It appears tech website CNET might not be the only platform experimenting with OpenAI’s ChatGPT and its incredible skills in writing articles.
OpenAI’s ChatGPT, an AI-powered chatbot that has taken the world by storm and attracted a $10 billion investment from Microsoft Corporation, seems to have impressed Wikipedia founder Jimmy Wales too, although he has some problems with the way it works, reported Evening Standard.
Already experts and netizens alike are marveling at ChatGPT’s ability to write decent pieces, be it poetry or an article, but they also agree that there are some significant risks associated with it.
Wales said the Wikipedia community is cautious about the existing AI models but also intrigued.
“I think we’re still a way away from: ‘ChatGPT, please write a Wikipedia entry about the Empire State Building’, but I don’t know how far away we are from that, certainly closer than I would have thought two years ago,” he said.
He also shared concerns about ChatGPT’s “hallucinating” tendencies.
“It has a tendency to just make stuff up out of thin air, which is just really bad for Wikipedia — that’s just not OK.”
Although achieving full AI authorship is not feasible in the short term, there are ongoing discussions at Wikipedia regarding the potential use of AI technology to enhance the encyclopedia in the coming months, the report noted.
“It’s a mistake to be relying on it for anything important right now,” OpenAI Chief Executive Sam Altman tweeted. “We have lots of work to do on robustness and truthfulness.”
The take of Wikipedia of AI has deemed hypothetical as is it said to be the take-over of the world putting people out of jobs.

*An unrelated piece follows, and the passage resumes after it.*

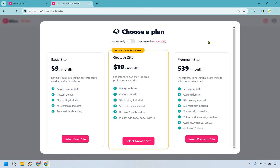In conclusion, Mixo.io stands out as an exceptionally user-friendly tool for website creation, making it an ideal choice for those who aren't tech savvy. Its straightforward and intuitive interface simplifies the process of building a website, catering perfectly to non-technical users. While the websites created tend to be simple and basic in design, the platform offers a sufficient range of editing features to customize and tailor these sites to your individual purposes — kind of used as a template. For anyone looking to launch a website quickly without complex coding or technical hurdles, Mixo.io is a fine choice, demonstrating that effective web presence is accessible to everyone regardless of their technical background.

It is said that OpenAI holds all the power as it continues to develop ChatGPT according to its own goals and standards.
OpenAI released ChatGPT for testing last year. Since then, people have been either awed or terrified by this technology. Debates about AI being the future and posing a threat to the human workforce have also escalated.
At the same time, tech icons like Bill Gates believe that the ChatGPT invention is as big as the internet.
Other critics of the AI technology, including Elon Musk, had called for the regulation and the dangers of relying on AI.
“Don’t waste your time on the fantasies of the techbros saying ‘Oh noes, we’re building something TOO powerful,’” said Emily Bender on Twitter, a Linguistic professor at the University of Washington about AI. “Listen instead to those who are studying how corporations (and govt) are using technology (and the narratives of “AI”) to concentrate and wield power.”
The Writers Guild of America has allowed the use of AI as long as it doesn’t impact the writer’s credits and residuals.